* **EXERCISE**: Extract, in full, the lines below, beginning at the first and ending with the line that contains "My bestseller giraffe". Pictures do not belong in the copy.

* **PROVIDED MATERIAL**:
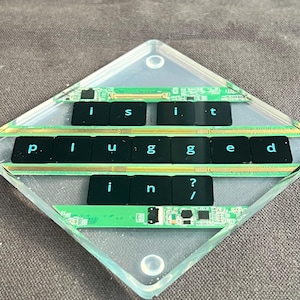 May include: A diamond-shaped clear resin coaster embedded with green circuit board strips and black computer keyboard keys. The keys are arranged to spell out the phrase "is it plugged in?" in three horizontal rows, set against the clear material.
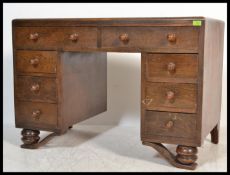 A vintage 1930's Art Deco oak twin pedestal drawer, having an arrangement of drawers with inset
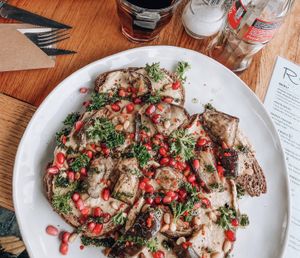 Bread with aubergine, hummus, pesto and pomegranade at ROOS Taste and Smile in Leiden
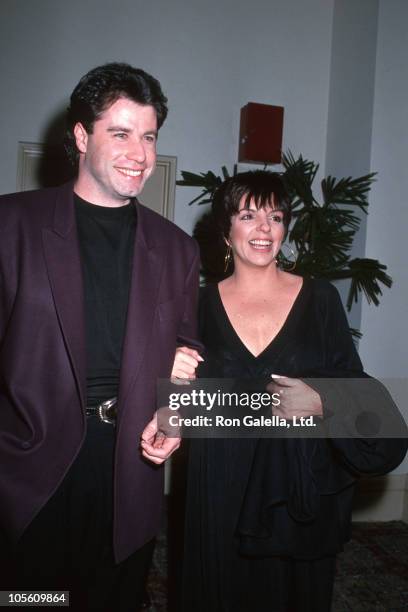 John Travolta and Liza Minnelli during Cine-Grill Opening Night at Hollywood Roosevelt Hotel in Hollywood, California, United States.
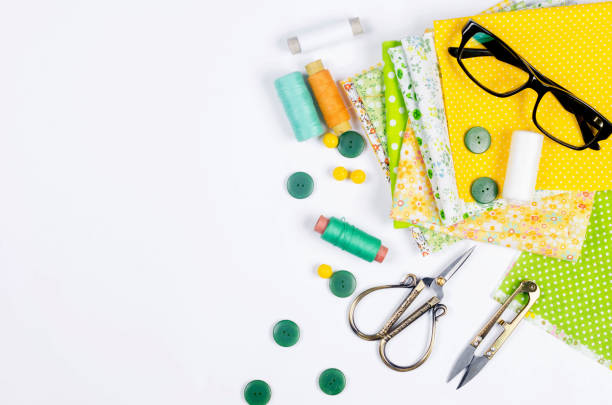 istock Accessories for sewing and needlework. Fabric, spools of thread, scissors and glasses. 1409542528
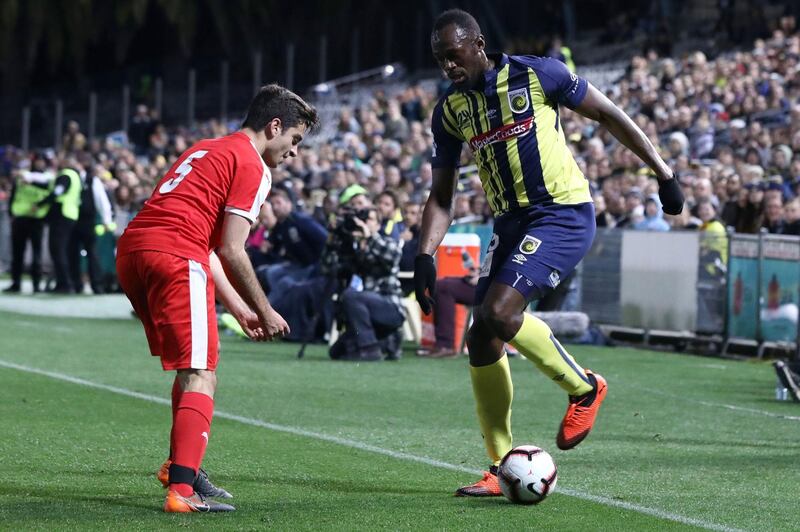 Usain Bolt on the ball during a pre-season friendly for Central Coast Mariners. AFP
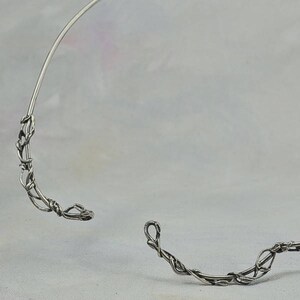 May include: A silver wire choker necklace with a delicate, vine-like design. The necklace is open in the back and has a simple, elegant style.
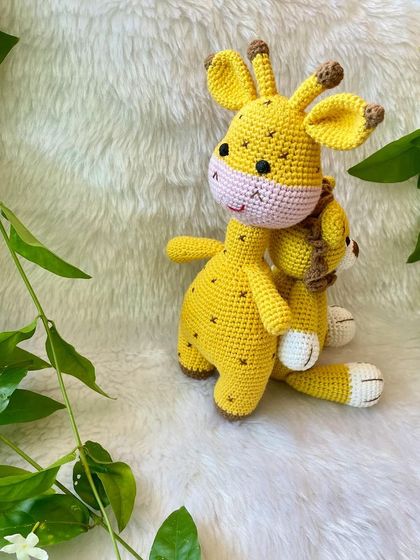 My bestseller giraffe doll is always a favorite. With its long neck, sweet smile, and spotted pattern, it's a cheerful and friendly companion for any child. This one is a larger size for extra big hugs.
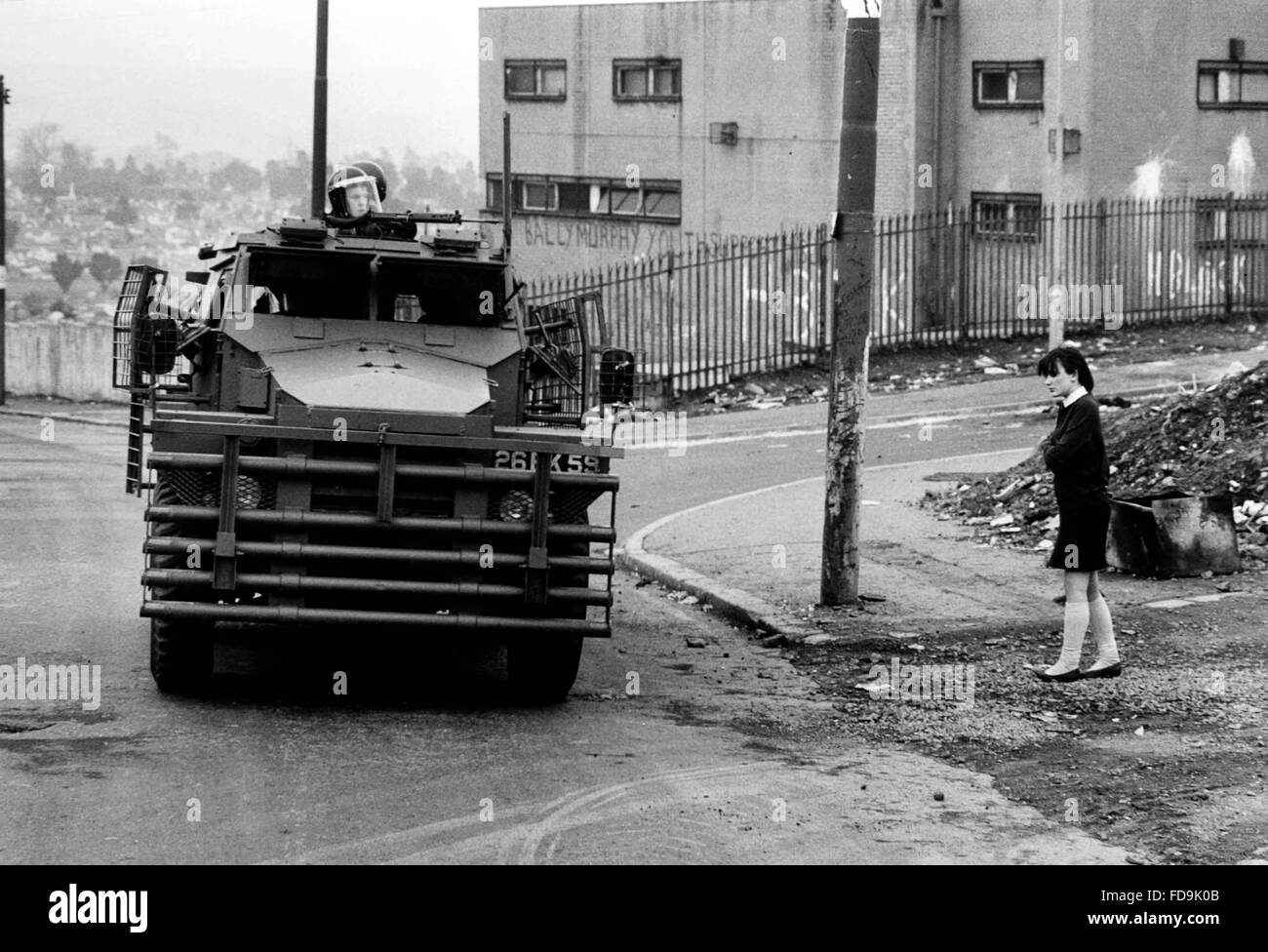 Un véhicule blindé, connu sous le nom de 'pig' dans le Régiment de Queens en patrouille passe une écolière en uniforme à Belfast , Irlande du Nord en avril 1984 . Près de 2000 soldats du régiment avec plus de 200 de la Sussex étaient stationnés en Irlande à l'époque Banque D'Images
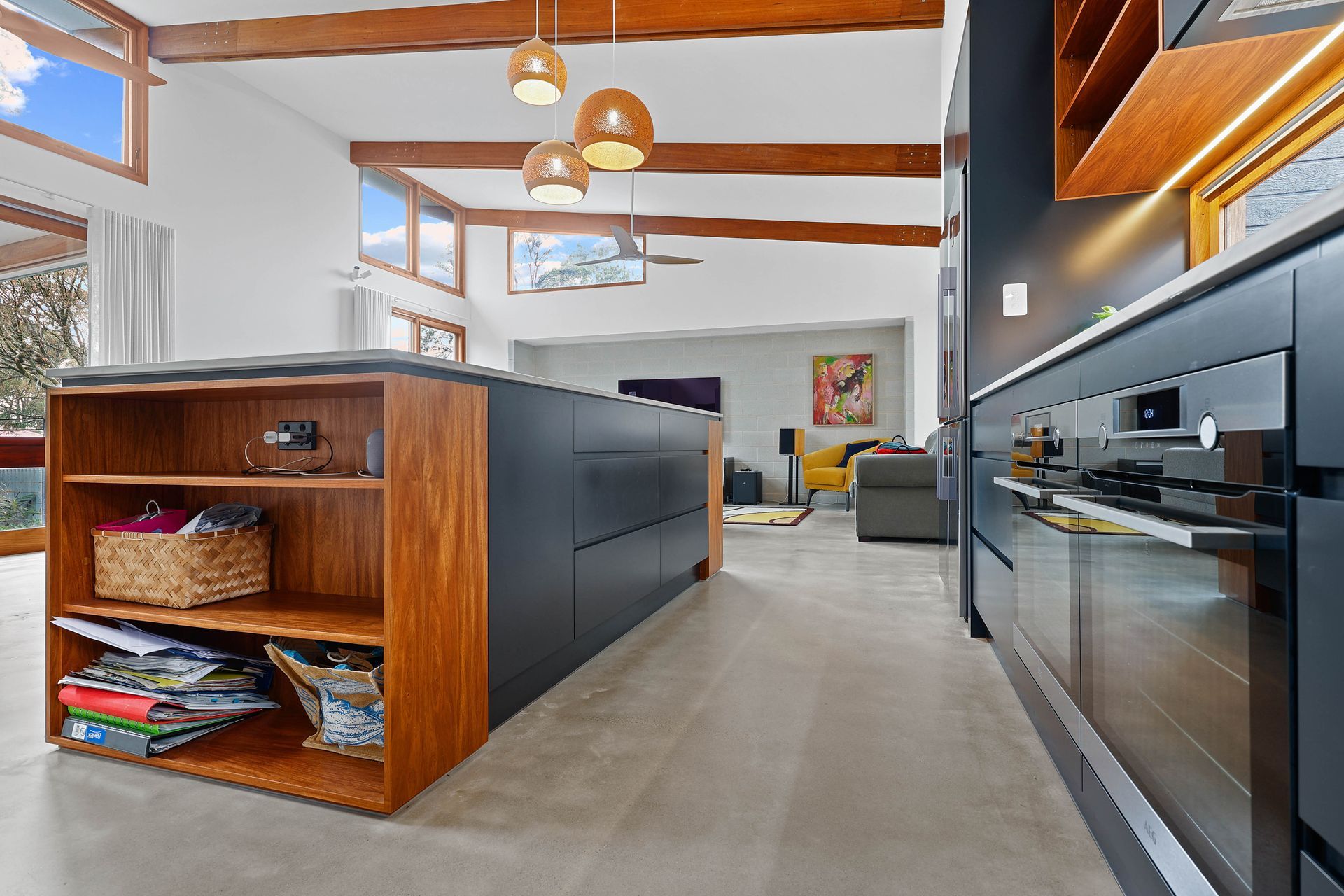 Modern kitchen with a dark island and wood shelves, open to a living room with a yellow armchair.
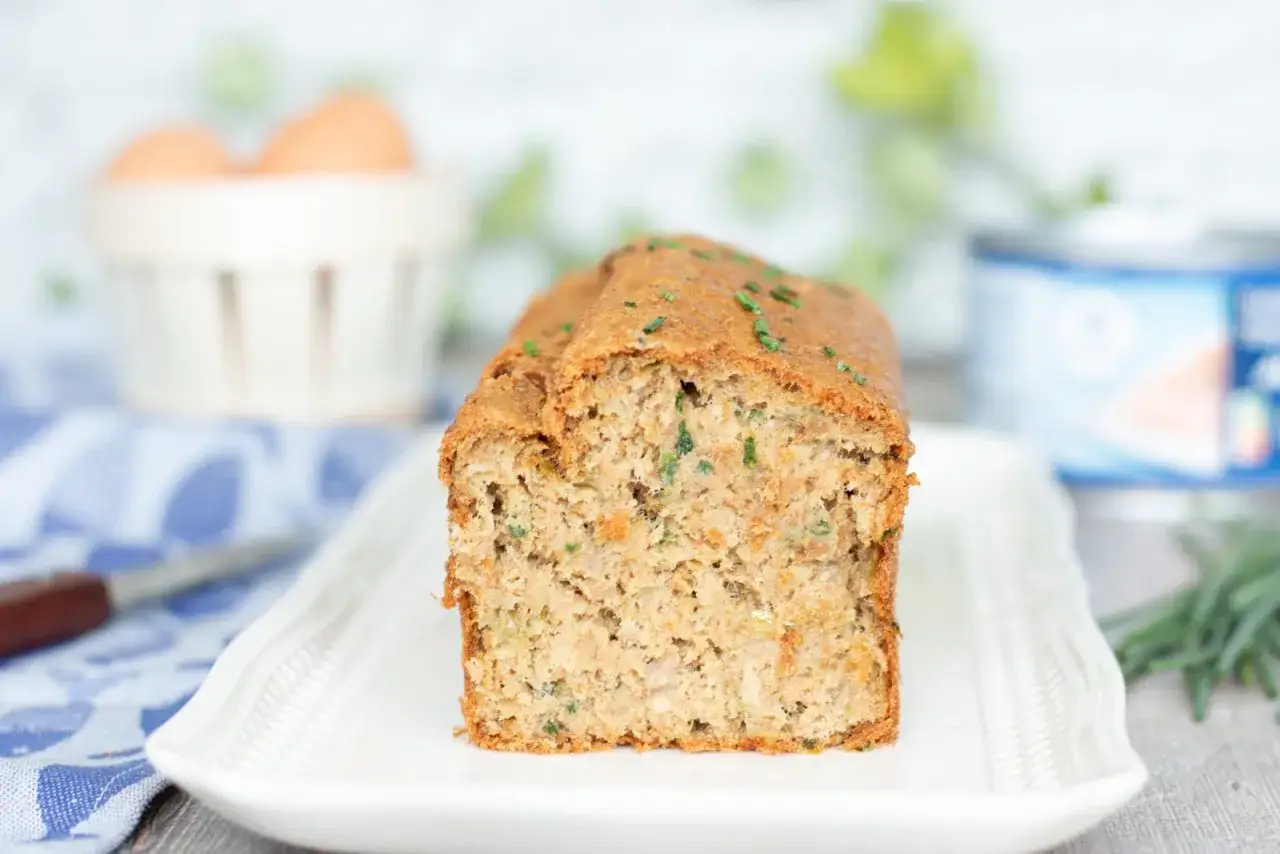 Un savoureux cake au thon, garni de ciboulette fraîche, prêt à être dégusté.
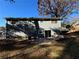 House exterior and backyard with patio at 2326 Union Grove Ct, Lithonia, GA 30058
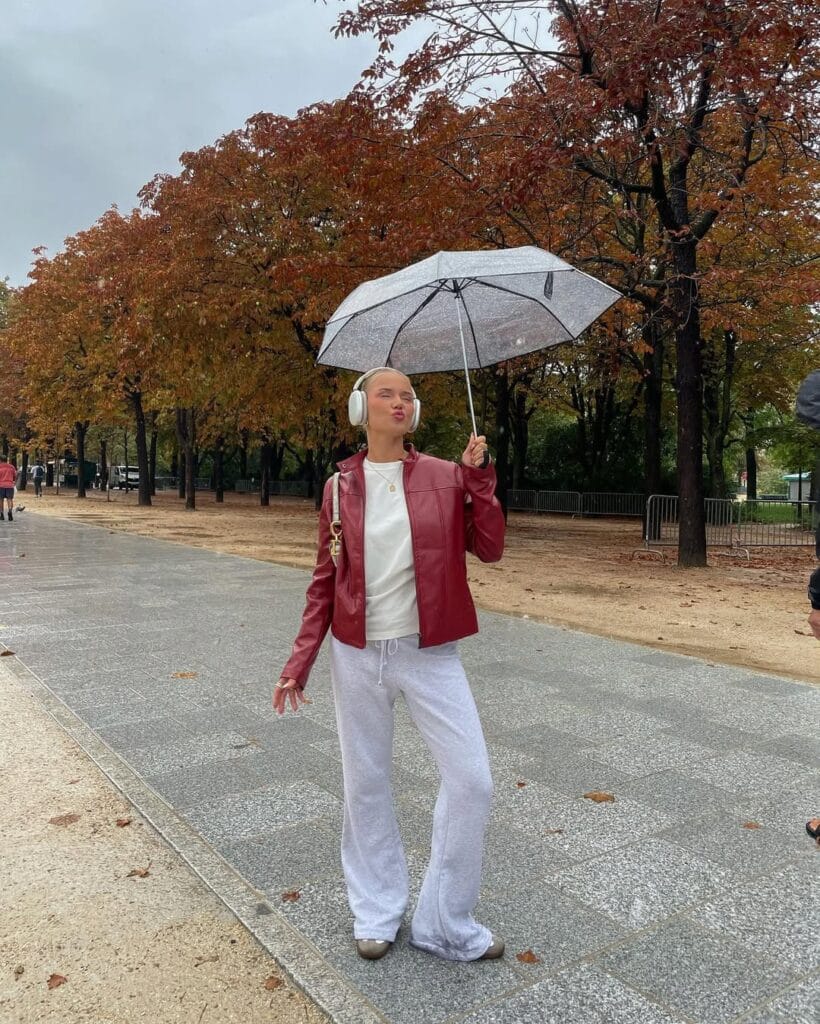 Woman in red jacket, white lounge pants, umbrella and earmuffs, playful rainy day outfit on city sidewalk.
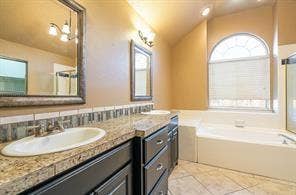 Bathroom with a bath, healthy amount of natural light, tile patterned flooring, vaulted ceiling, and vanity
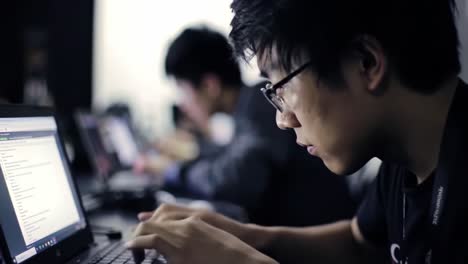 focused student engaging in coding and problem solving during a tech workshop or competitive programming event with multiple laptops in the background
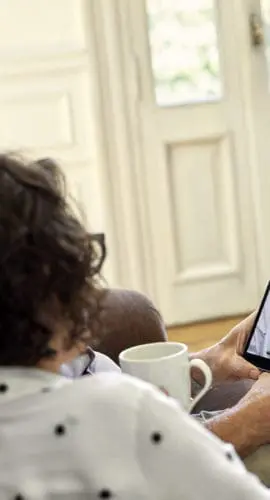 A couple sits on a couch having a video call on a tablet with a smiling woman.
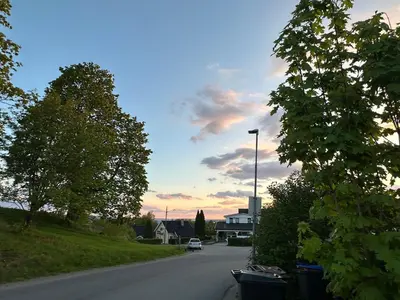 a street with a car driving down a road at Scandinavian Style Ridabu Hamar in Hamar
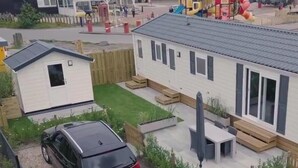A mobile home with a car parked in front, a patio area, and a playground in the background.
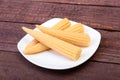 Mini Corn cob preserved on plate on wooden board. Royalty Free Stock Photo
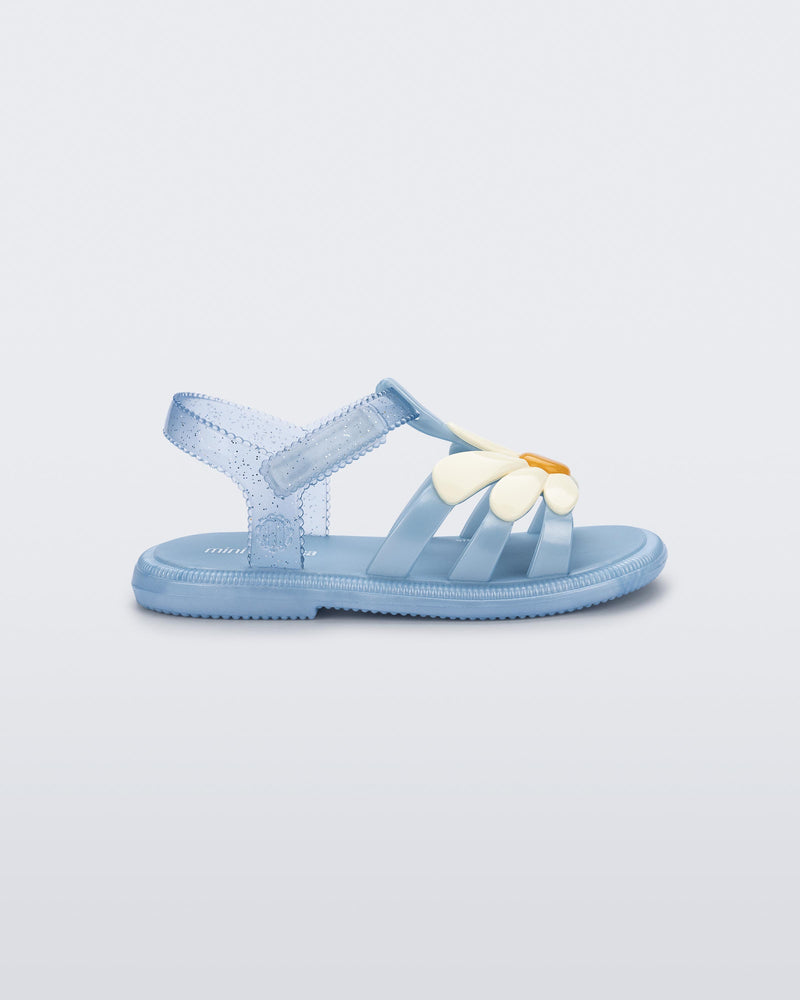 Side view of a metallic blue Hip Bloomy baby sandal with beige daisy on top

* **SOLUTION FOR THIS EXERCISE**:
 May include: A diamond-shaped clear resin coaster embedded with green circuit board strips and black computer keyboard keys. The keys are arranged to spell out the phrase "is it plugged in?" in three horizontal rows, set against the clear material.
 A vintage 1930's Art Deco oak twin pedestal drawer, having an arrangement of drawers with inset
 Bread with aubergine, hummus, pesto and pomegranade at ROOS Taste and Smile in Leiden
 John Travolta and Liza Minnelli during Cine-Grill Opening Night at Hollywood Roosevelt Hotel in Hollywood, California, United States.
 istock Accessories for sewing and needlework. Fabric, spools of thread, scissors and glasses. 1409542528
 Usain Bolt on the ball during a pre-season friendly for Central Coast Mariners. AFP
 May include: A silver wire choker necklace with a delicate, vine-like design. The necklace is open in the back and has a simple, elegant style.
 My bestseller giraffe doll is always a favorite. With its long neck, sweet smile, and spotted pattern, it's a cheerful and friendly companion for any child. This one is a larger size for extra big hugs.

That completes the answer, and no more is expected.